With my schedule over the next few days, I won't be able to listen to music until Saturday. So I decided to test observations I've read that transformers or autoformers have a "break in" period, after or during which they will sound different.

lOtUNrT.jpg


I'm running a varying frequency and amplitude sweep. Amplitude is capped at 5V pk-pk at the autoformer inputs. The fundamentals sweep 10 Hz to about 25 kHz with different waveform patterns (square, sawtooth, sine, etc) warble tones, complex waveforms, and noise with high frequency content out to 100 kHz. I'll run this through the AVC for the next 4 days. It should provide a rigorous break in. Saturday after about 100 hours, I'll try to detect audible differences with the AVC back in my system.

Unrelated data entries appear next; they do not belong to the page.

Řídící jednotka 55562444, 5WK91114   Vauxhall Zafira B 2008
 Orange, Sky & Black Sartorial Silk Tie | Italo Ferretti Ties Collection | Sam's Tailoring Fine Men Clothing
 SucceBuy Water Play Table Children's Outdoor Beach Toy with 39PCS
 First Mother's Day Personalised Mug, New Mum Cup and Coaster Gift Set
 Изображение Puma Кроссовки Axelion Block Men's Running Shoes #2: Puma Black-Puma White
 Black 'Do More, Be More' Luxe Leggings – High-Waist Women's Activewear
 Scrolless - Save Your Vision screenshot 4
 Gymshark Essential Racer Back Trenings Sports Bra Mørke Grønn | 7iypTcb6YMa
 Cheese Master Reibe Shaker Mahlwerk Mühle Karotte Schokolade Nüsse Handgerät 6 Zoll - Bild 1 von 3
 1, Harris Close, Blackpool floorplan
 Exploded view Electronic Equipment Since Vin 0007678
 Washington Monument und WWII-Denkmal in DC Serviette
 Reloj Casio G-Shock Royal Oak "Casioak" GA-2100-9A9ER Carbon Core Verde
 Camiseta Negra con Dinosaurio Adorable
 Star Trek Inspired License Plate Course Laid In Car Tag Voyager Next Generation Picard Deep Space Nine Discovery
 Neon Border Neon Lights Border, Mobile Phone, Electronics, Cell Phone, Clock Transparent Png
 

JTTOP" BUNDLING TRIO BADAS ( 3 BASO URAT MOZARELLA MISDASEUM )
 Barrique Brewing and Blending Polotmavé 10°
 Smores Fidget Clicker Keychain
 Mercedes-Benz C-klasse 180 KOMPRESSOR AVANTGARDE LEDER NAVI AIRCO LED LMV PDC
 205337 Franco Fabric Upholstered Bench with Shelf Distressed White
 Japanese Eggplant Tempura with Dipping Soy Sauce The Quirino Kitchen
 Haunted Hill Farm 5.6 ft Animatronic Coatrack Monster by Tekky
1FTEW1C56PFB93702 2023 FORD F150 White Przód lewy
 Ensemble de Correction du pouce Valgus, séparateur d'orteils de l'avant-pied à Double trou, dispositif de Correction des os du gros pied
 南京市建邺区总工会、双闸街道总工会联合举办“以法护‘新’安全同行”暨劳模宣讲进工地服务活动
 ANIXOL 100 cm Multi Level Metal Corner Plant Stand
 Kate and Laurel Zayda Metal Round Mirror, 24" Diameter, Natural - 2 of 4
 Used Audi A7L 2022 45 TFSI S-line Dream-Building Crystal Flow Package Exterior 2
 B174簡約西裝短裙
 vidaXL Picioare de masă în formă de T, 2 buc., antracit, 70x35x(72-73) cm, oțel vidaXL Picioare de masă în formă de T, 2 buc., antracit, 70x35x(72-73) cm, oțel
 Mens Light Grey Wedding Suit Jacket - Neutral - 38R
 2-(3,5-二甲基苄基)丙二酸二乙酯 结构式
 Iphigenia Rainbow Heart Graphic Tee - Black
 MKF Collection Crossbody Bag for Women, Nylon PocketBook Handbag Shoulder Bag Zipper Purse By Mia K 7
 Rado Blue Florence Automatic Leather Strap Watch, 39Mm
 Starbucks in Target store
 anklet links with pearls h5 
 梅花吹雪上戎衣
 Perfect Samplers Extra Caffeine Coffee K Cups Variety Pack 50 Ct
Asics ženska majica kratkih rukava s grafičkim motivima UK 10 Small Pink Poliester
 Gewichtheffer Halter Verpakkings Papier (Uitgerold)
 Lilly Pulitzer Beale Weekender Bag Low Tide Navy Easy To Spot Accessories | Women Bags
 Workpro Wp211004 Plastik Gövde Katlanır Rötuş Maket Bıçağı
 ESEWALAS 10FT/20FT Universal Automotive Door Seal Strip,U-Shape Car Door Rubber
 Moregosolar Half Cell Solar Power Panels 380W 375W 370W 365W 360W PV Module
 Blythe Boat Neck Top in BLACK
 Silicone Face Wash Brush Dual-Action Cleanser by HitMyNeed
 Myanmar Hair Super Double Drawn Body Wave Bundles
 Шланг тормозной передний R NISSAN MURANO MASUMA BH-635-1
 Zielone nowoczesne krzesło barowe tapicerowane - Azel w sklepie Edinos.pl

You don't need to try to detect diff after the process, because there must be changes/improvement and they are easily audible.

Will you "load' the output side too, to simulate a real working condition?
 
You don't need to try to detect diff after the process, because there must be changes/improvement and they are easily audible.

Will you "load' the output side too, to simulate a real working condition?

I'll be the judge of that! Haha... Yes it is loaded by the scope 1Meg inputs.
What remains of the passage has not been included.